Mr Simon King (University of Southampton)
In the framework of the $B-L$ Supersymmetric Standard Model (BLSSM), we assess the ability of ground and space based experiments to establish the nature of its prevalent Dark Matter (DM) candidate, the sneutrino, which could either be CP-even or -odd. Firstly, by benchmarking this theory construct against the results obtained by the Planck spacecraft, we extract the portions of the BLSSM parameter space compliant with relic density data. Secondly, we show that, based on current sensitivities of the Fermi Large Area Telescope (FermiLAT) and their future projections, the study of high-energy gamma-ray spectra will eventually enable us to extract evidence of this DM candidate through its annihilations into $W^+W^-$ pairs (in turn emitting photons), in the form of both an integrated flux and a differential energy spectrum which cannot be reconciled with the assumption of DM being fermionic (like, e.g., a neutralino), although it should not be possible to distinguish between the scalar and pseudoscalar hypotheses. Thirdly, we show that, while underground direct detection experiments will have little scope in testing sneutrino DM, the Large Hadron Collider (LHC) may be able to do so in the well-studied tri-lepton (plus missing transverse energy) signal following data collection during Run 2 and 3.

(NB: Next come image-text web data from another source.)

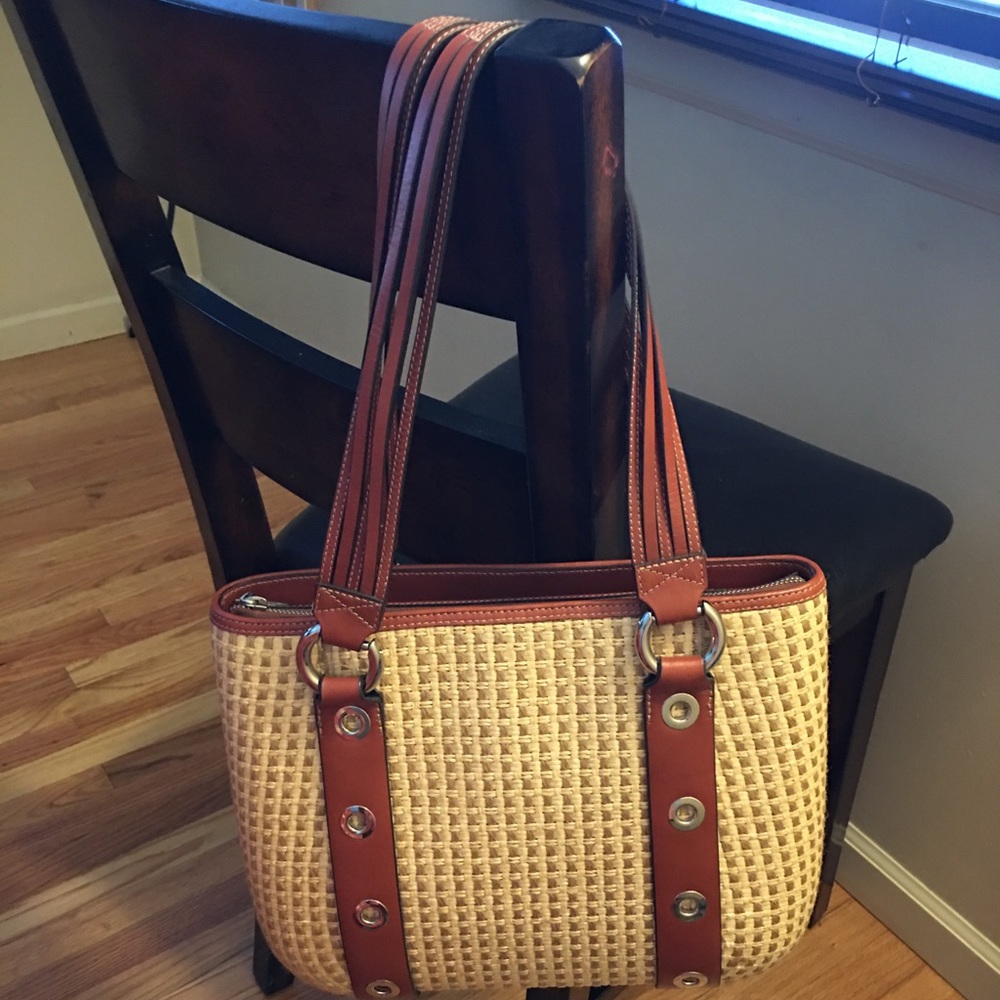 New Maxx New York Woven straw and brown tote shoulder bag
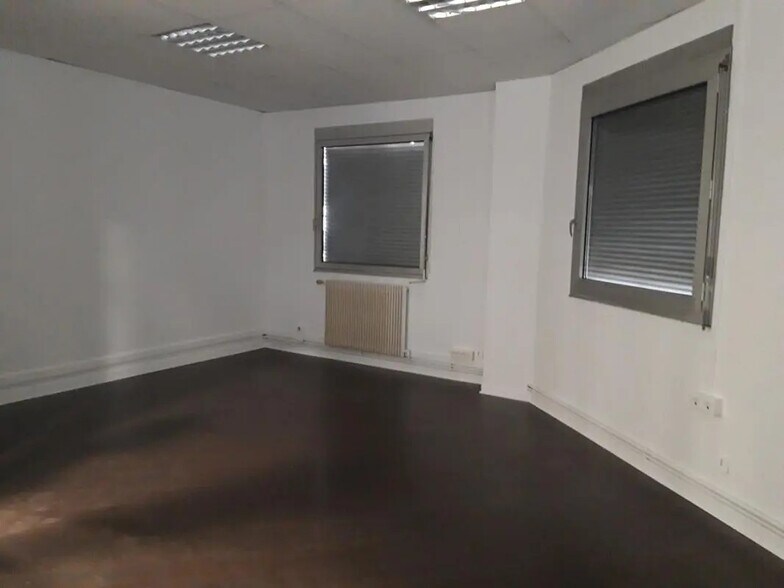 Bureau dans Rillieux-la-Pape à louer - Photo intérieure - Image 2 de 3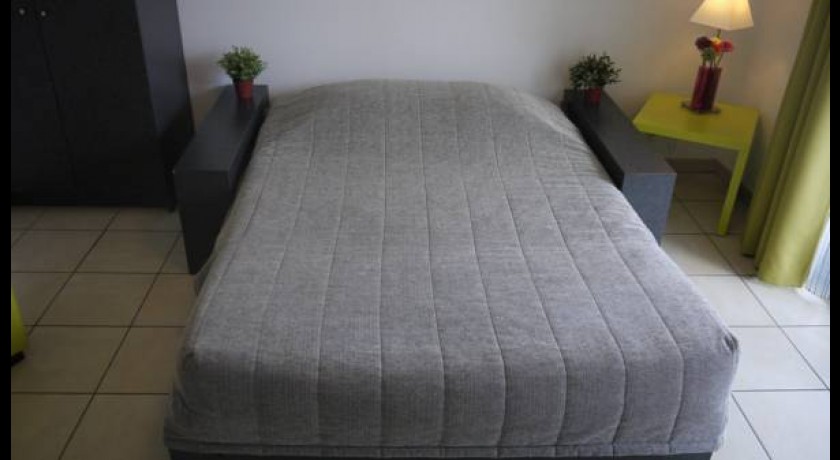 Hotel Le Louveteau  La ciotat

|What would be the preferred length of your talk?||20 minutes + questions|
Dr Carlo Marzo (National Institute of Chemical Physics and Biophysics) Dr Cem Un (Uludag̃ University) Dr Kulkarni Suchita (Österreichische Akademie der Wissenschaften) Dr Luigi Delle Rose (University of Southampton) Mr Simon King (University of Southampton) Prof. Stefano Moretti (University of Southampton) Dr shaaban khalil (Zewail city of science and technology)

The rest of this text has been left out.